The effect of arginine on the activity and compartmentalization of lysosomal cysteine proteinases of parenchymatous organs in oxidative stress on the background of experimental hyperhomocysteinemia

Abstract

Aim. Evaluation of the effect of arginine on the activity and intracellular distribution of cathepsins B, L, H in liver, kidney and lung tissue in experimental hyperhomocysteinemia and developing on its background oxidative damage of proteins.
 Materials and Methods. Hyperhomocysteinemia in male rats of the Wistar line was formed by daily oral administration of a suspension of methionine at a dose of 1.5 g/kg 2 times a day for 21 days, to study the action of arginine the substance was used orally from 12 to 21 days of methionine administration at a dose of 500 mg/kg. In tissue homogenates measurements were carried out in cytoplasmic and lysosomal fractions. The state of oxidative modification of proteins was evaluated by analysis of the absorption spectrum of carbonyl derivatives, the activity of cathepsins B, L, H was determined by spectrofluorometric method, the activity of acid phosphatase – by the unified method «at the end point».
 Results. In the cytoplasmic (nonsedimentary) fraction of the liver and kidney reduced activity of cathepsin L (in both tissues), cathepsin B (in the kidney), cathepsin H (in the liver) was found on the background of the increase in the products of proteins oxidative modification in experimental hyperhomocysteinemia. The introduction of arginine in experimental hyperhomocysteinemia completely eliminated the manifestations of oxidative damage of proteins, partially correcting the activity of enzymes: there was an increase in the activity in non sedimentary (cytoplasmic) fraction due to intracellular redistribution of enzymes. There is found inverse correlation between the content of oxidative carbonylation products of proteins and the activity of cathepsins in the non sedimentary fraction, as well as the proportion of their non sedimentary activity.

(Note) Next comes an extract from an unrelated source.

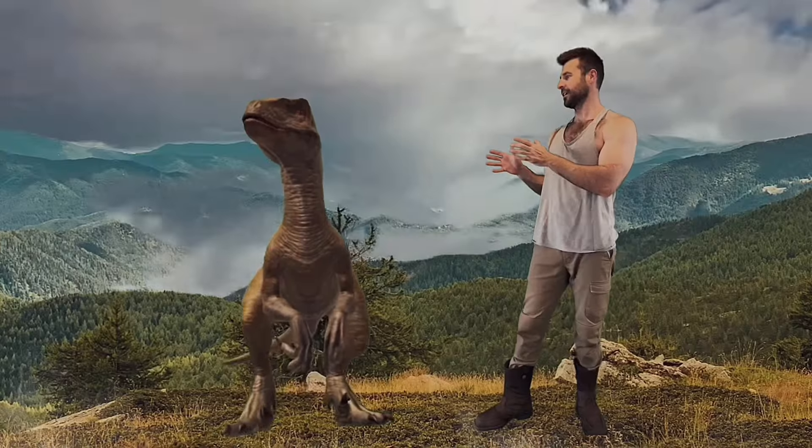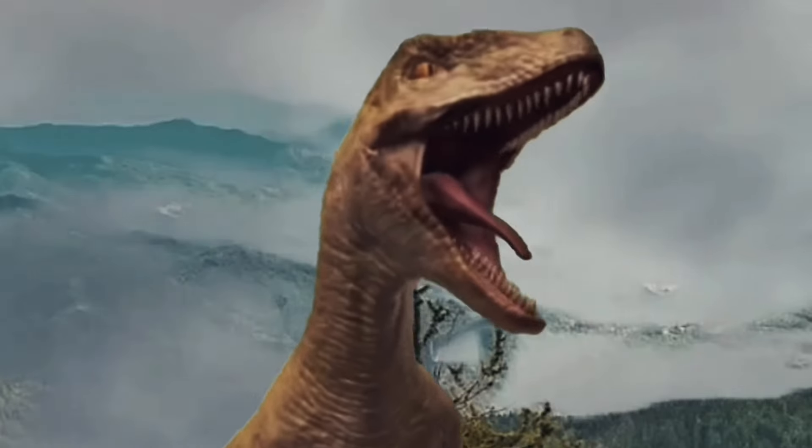In the awesome Jurassic Park movies, Velociraptors were seen looking like this — about six feet tall and about nine feet long.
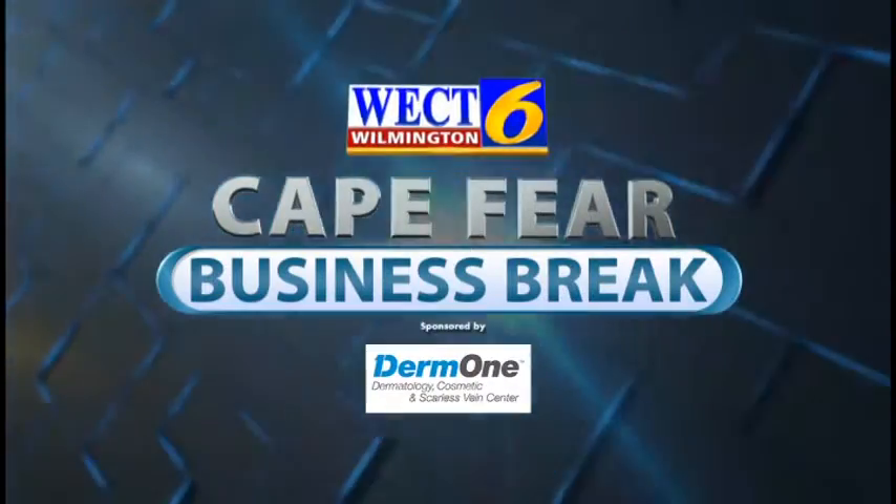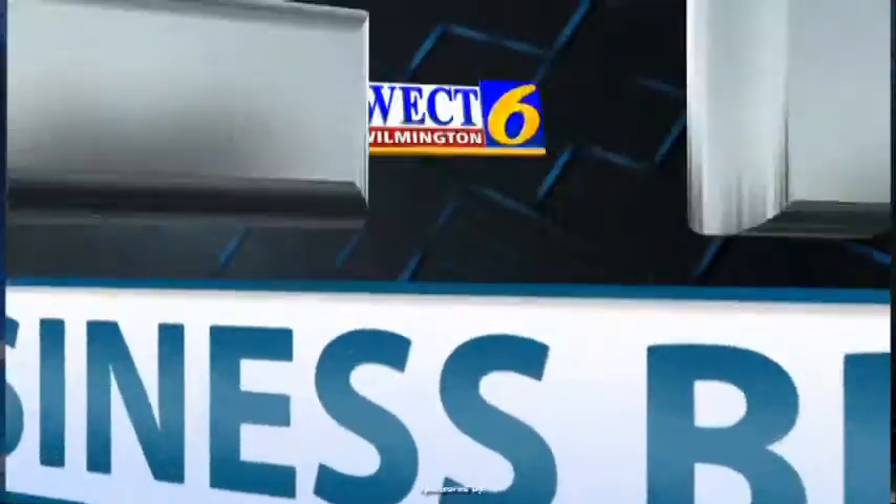This is the WECT Cape Fear Business Break. Hello, thanks for joining us here on the Cape Fear Business Break. Today we have Dr. Jonathan Crane from Derm One. How are you, Dr. Crane? Great, thanks for having me here today. Alright, not to put you on the spot, but let's talk about spots on our skin. Sure, sounds good, very good.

 Conclusions. 1. Arginine at a dose of 500 mg/kg at a 10day administration completely corrects the increase in the products of oxidative protein carbonylation that develops in experimental hyperhomocysteinemia. 2. Under the influence of arginine there is an increase in the reduced due to isolated hyperhomocysteinemia activity of cathepsins B, L, H in the cytoplasmic fraction of the liver and kidney due to intracellular redistribution of enzymes. 3. Arginine administration causes nonselective increase of the lysosomal membrane permeability, and as a result, changes in the compartmentalization of lysosomal cysteine proteases. 4. The inverse correlation of the level of protein oxidative modification products with the activity of cathepsins in cytoplasmic (nonsedimentary) fractions, and the proportions of their nonsedimentary activity, suggesting the presence of contribution of changes in the compartmentalization of lysosomal cysteine proteinases in developing under the action of arginine compensation of oxidative stress in experimental hyperhomocysteinemia.